Since then, the promise of the new performance measures has spurred interest in other possible applications, e.g., to make promotion decisions, to evaluate training effectiveness, or to assess the combat readiness of units. To the extent that such discussions focus on the potential usefulness of the technology per se, the Joint-Service Project should be a fertile source of information on new methods and new assessment tools. However, the current instruments have not been designed for the ancillary applications, and we fear that expanding the use of these very job performance measures beyond the original intention of evaluating alternative enlistment standards could pose serious threats to their measurement validity.
One type of problem is test fairness. In the current research environment, test-takers can be promised anonymity; the test outcome will not be part of their individual personnel record. Judging from our extensive site
visits, the test-takers do their best under these circumstances, but there is probably little motivation for prospective test-takers to find out what will be on the test, nor for those tested to pass on details. Thus, the test appears to provide a valid indication of what incumbents can do. However, if the performance data were used for making decisions that affect the welfare of individuals —the test subjects, their supervisors, unit commanders, or teachers of technical training, for example—there would be a strong inclination for people to try to protect their interests. Coaching the test-takers would be inevitable. There is no way to avoid having the content of the current tests known, at least in general terms, to prospective test-takers. Because the proficiency tests are only limited samples of the domain of job requirements, any resulting improvement on the tested sample could not be assumed to translate to an improvement in total job performance. The validity of generalizing from the test scores to overall job proficiency would be seriously threatened.

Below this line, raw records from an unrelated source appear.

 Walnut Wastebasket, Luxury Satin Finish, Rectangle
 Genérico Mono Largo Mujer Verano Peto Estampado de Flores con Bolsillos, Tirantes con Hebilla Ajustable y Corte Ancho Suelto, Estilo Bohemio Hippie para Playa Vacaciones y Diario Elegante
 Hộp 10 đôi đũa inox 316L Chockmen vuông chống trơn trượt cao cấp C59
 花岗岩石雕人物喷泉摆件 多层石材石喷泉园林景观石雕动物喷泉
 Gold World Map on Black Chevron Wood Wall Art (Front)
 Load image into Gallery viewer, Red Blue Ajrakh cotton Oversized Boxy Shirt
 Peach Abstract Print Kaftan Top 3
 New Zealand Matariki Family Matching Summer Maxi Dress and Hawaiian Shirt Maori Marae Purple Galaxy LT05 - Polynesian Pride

Attempting to develop job performance measures that would serve administrative functions over and above the Joint-Service Project goals could also raise problems of test content. For measuring individual job proficiency, test content should represent the domain of job requirements; for evaluating training effectiveness, test content would ordinarily focus on the training objectives; estimation of combat readiness would require more than measures of individual proficiency. Although the measurement technologies that were developed in this project could be used to construct tests for different applications, the present instruments would probably not be suitable.

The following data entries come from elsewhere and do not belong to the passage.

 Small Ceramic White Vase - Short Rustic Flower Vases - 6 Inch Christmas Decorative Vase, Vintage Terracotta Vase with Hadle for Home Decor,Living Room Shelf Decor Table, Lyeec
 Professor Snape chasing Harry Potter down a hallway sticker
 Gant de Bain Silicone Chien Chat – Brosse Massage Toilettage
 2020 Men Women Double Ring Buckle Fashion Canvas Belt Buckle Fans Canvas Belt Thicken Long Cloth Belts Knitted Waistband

There was general agreement that (1) attempts to expand the uses and interpretations of the Joint-Service Project performance measures beyond the intended applications in personnel selection and classification require a thorough evaluation of the appropriateness of the measures to each additional proposed application and (2) that it would be ill-advised to threaten the validity of the Joint-Service Project performance measures either by using them in ways that could affect individuals' careers or by attempting to make them all-purpose measures.
OPERATIONALIZING THE COMPETENCY IDEA
Having explored the rationale and potential benefits of a competency approach to job performance measurement, participants in the meetings on competency assessment took up the practical question of how to develop measures that permit interpretation of performance scores as representing degrees of job competency or job mastery. For this specific application, the fundamental need is for the measures to be representative of job requirements. The problems include representing the job domain, scoring the test, and providing interpretive anchors for the resulting scale. The approach to
each problem was guided by the eventual goal of accurately expressing the individual's level of proficiency, rather than maximally discriminating among individuals.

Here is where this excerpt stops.